The third ground of appeal was that "the learned trial judge misdirected the jury in that he did not adequately explain the circumstances under which the appellant would have been justified in using necessary force extending to killing". In the course of his summing-up the trial judge directed the jury as follows:

"The law says for the defence of himself against murder, man-slaughter, dangerous or grievous harm, a person may justify any necessary force or harm and even killing in case, of extreme necessity. So that a person may use any necessary force or harm and even kill in case of extreme necessity if violence is being used against him. But the law also says that force cannot be justified if it goes beyond the amount and kind of force that is reasonably necessary for the purp6se for which force is permitted. 'So everything depends on the circumstances, on the particular circumstances in which the accused was in.

So in this case I ask you to bear in mind that if a man reasonably believes that his life is in danger or he is in danger of receiving really serious harm he may use. such force or harm as on reasonable grounds he believes necessary to prevent or resist the attack on him. And if in using such force he kills his attacker he isn't guilty of any crime. And in deciding whether it was reasonably necessary to have used the force that was actually used, you have to consider all the circumstances of the case as put to you including whether the accused had an opportunity to retreat or retreated as far as he could without danger to himself or giving up anything that he was entitled to protect.

So I would ask you to consider these things when you go to consider the case. Look and see whether the evidence shows that there was an attack on the accused, whether as a result of that attack the accused reasonably believed that his life was in danger or that he was imminent danger of receiving serious bodily harm Whether the accused had no opportunity to retreat or retreated as far as he could; whether the force he used to protect himself from the danger or from reasonable, apprehension that he was in danger of receiving serious body harm. And whether ther accused believed on reasonable grounds, - whether he reasonably believed that the force he used was necessary to protect or resist the attack.

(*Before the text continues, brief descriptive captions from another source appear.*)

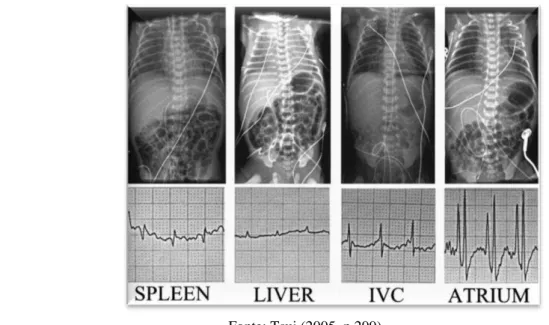 Figura 8  – Traçado eletrocardiográfico e correspondente radiografia com CVU posicionado ao nível do  baço, fígado, VCI e átrio 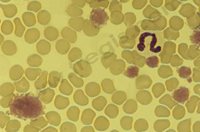 Thrombocytes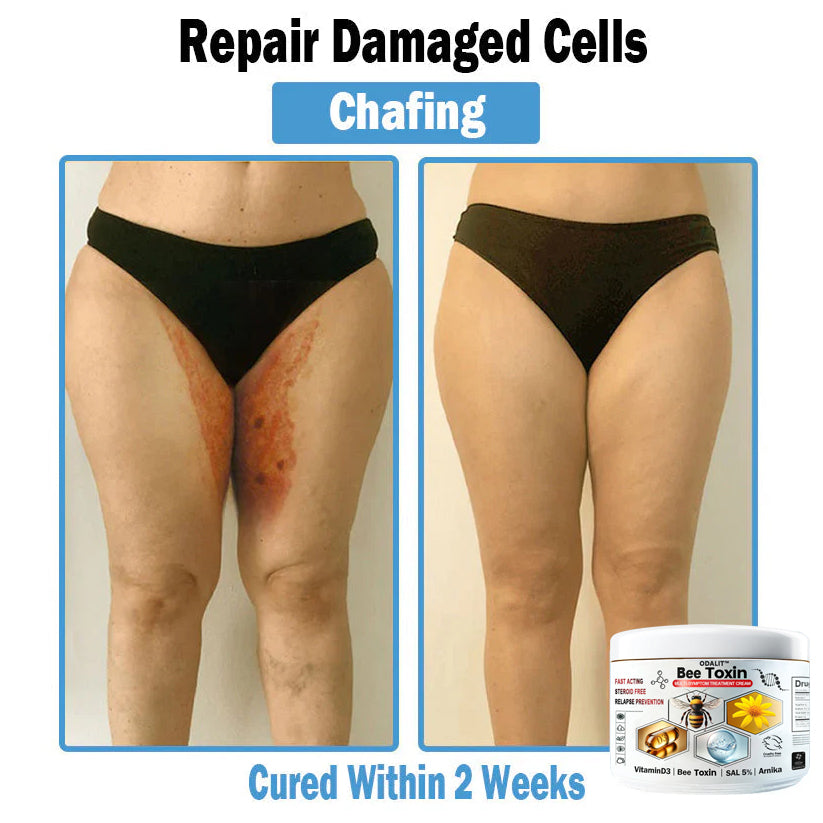 ODALIT™✨ Bee Toxin Multi-Symptom Skin Treatment Cream (👨‍⚕NPF RECOMMENDS)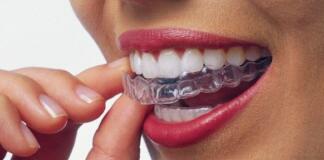 Невидимые брекеты: особенности системы Invisalign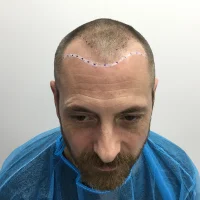 Hairline-Transplant-Journey-3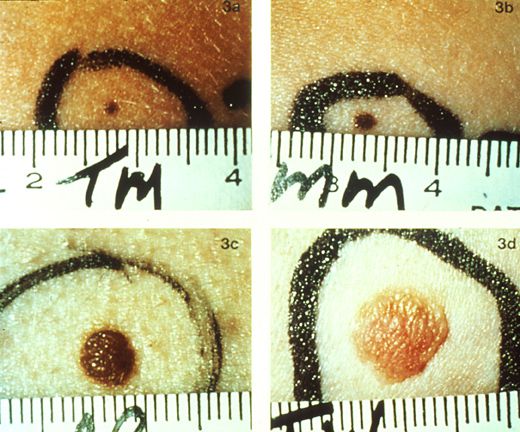 ¿Cómo se puede saber si se trata de un topo o cáncer de piel?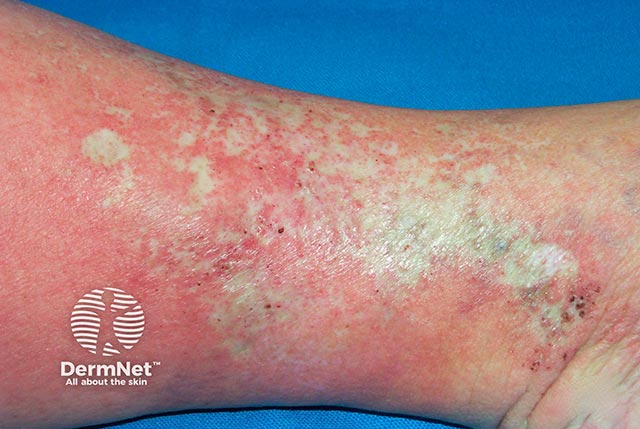 Stellate and reticulate scars resulting in atrophie blanche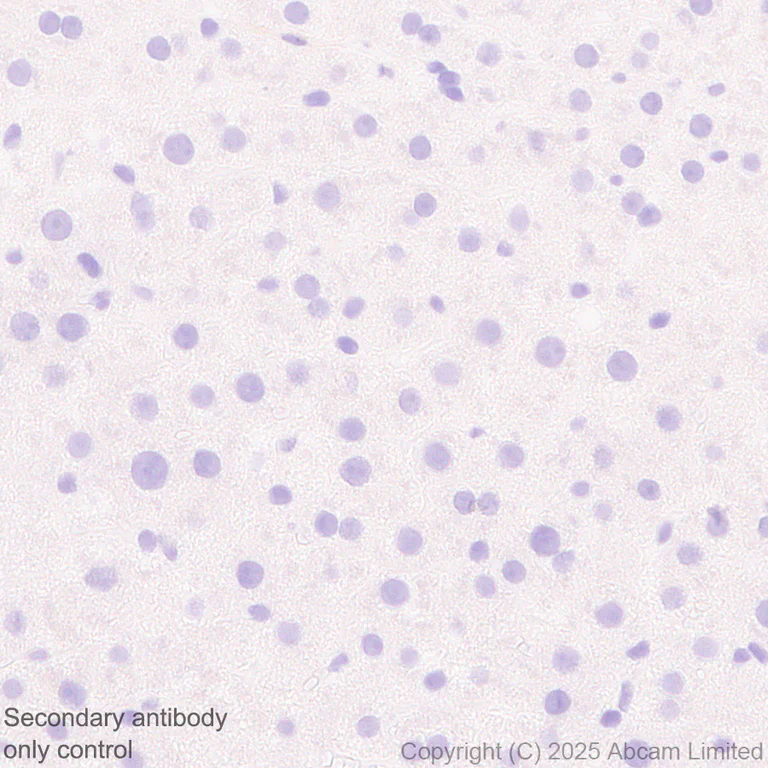 Immunohistochemistry (Formalin/PFA-fixed paraffin-embedded sections) - Anti-Versican antibody [RM1301] (AB324605)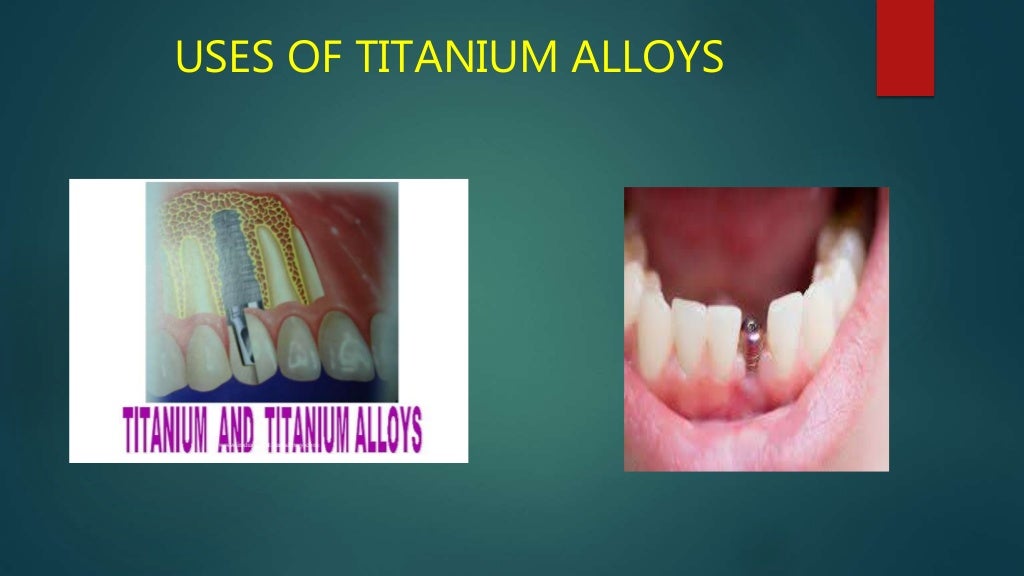 Wrought alloys in dentistry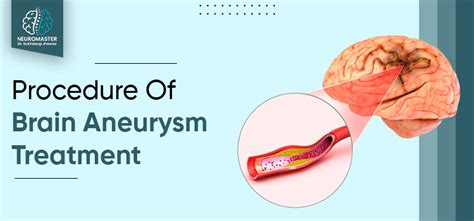 What Is Brain Aneurysm And How Does A Neurosurgeon Treat It?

And bear in mind always that it is the prosecution who has to satisfy you that the accused was not acting in self-defence. And, if, after consideration of all the evidence you are left in doubt as to whether or not he was acting in self defence then you have to acquit him."

The burden of the complaint of counsel for the appellant as we understand it is that the learned trial judge ought to have referred the definition of "grievous harm" in section 92 of the Criminal Code Cap. 84 and not merely equated it to "really serious harm" or serious harm". Section 92 defines "grievous harm" as "harm which amounts to a maim or dangerous harm as here in after defined, or which seriously or permanently injures health or which is likely to injure health, or which extends to permanent disfigurement, or to any permanent or serious injury to any external or internal organ, member or sense". We wish to observe that the words "or which is likely to injure health" which appear in the definition, ought properly to read either "or which is likely so to injure health" or "or which is likely seriously or permanently to injure health" in order to bring the definition in conformity with the varying degrees of harm contemplated by and defined in the section. With this modification it appears to us that "grievous harm" as defined in section 92 may properly for the purpose of giving a simple explanation to a jury be equated to "really serious harm" or "serious harm". The explanation "really serious harm" received judicial approval in D.P.P. v Smith (1961); AC 290 at 334 per Viscount Kilmuir L.C. In the unreported case of R v McMillan October 10, 1984 and in R v Saunders unreported in the Times on February 8, 1985 it was held that there is no distinction between "really serious harm" and "serious harm". It is true that these cases were not dealing with a statutory definition of 'grievous harm' and that section 3 (e) provides that "In the interpretation of this Code, a Court shall not be bound by any judicial decision or opinion on the construction of any other statute or of the common law as to the definition of any crime or of any element of any crime." Nevertheless we are of the view that "really serious harm" or "serious harm" merely expresses in a compendious form the meaning of the expression "grievous harm" as defined in section 92. Consequently we do not consider that there was any misdirection by the learned trial judge in this regard.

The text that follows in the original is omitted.